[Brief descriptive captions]

--*--

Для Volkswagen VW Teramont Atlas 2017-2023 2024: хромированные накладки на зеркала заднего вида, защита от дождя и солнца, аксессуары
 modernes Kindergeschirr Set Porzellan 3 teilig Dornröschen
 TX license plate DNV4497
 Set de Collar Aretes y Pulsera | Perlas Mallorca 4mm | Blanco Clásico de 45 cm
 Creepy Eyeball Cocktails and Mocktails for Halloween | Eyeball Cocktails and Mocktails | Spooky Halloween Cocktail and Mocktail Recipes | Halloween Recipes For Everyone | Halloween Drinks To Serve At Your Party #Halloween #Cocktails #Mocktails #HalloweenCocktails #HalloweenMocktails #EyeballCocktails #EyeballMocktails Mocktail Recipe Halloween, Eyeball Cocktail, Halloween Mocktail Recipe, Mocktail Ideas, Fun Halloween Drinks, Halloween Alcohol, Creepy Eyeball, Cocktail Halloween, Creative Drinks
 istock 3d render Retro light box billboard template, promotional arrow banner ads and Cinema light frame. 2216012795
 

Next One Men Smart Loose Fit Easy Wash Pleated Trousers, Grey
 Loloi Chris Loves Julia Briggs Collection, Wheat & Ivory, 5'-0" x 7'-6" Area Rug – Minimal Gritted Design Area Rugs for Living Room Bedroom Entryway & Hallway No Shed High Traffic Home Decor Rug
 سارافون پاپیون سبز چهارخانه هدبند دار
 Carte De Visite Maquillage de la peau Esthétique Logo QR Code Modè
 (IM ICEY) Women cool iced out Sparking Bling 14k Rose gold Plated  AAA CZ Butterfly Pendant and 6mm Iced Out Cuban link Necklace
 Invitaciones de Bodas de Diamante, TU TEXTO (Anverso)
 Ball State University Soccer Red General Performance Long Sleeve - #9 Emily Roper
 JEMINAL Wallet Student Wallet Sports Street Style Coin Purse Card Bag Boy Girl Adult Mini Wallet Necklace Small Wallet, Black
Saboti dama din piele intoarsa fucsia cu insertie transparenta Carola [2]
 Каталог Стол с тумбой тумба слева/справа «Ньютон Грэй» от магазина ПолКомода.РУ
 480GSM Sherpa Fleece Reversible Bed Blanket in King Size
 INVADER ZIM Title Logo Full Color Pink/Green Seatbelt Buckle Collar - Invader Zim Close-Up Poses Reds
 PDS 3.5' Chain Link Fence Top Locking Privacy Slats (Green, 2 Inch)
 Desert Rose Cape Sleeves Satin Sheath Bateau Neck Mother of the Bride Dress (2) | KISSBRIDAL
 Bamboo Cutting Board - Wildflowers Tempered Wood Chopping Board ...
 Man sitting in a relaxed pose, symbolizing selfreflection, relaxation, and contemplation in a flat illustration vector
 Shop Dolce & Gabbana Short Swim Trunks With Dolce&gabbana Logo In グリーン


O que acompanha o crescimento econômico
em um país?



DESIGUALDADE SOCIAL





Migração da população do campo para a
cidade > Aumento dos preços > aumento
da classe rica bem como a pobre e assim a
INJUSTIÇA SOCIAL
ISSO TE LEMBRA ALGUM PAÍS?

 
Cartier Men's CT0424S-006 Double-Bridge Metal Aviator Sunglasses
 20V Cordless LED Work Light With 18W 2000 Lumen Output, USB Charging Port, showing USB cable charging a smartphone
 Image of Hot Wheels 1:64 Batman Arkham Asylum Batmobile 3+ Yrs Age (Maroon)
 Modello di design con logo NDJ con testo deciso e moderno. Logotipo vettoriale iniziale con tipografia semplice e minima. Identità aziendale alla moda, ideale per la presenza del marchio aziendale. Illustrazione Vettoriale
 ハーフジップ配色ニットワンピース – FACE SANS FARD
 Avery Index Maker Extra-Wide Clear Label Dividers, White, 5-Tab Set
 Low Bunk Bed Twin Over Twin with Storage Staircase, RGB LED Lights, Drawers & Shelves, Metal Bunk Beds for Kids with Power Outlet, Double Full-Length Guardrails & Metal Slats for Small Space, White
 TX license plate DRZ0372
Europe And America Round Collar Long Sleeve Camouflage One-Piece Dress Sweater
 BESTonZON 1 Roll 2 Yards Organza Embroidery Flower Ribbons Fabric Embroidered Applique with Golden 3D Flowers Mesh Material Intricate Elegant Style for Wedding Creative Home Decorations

--*--

**Task instructions**
Return from the data every line that holds "license".

**Answer below**
 TX license plate DNV4497
 TX license plate DRZ0372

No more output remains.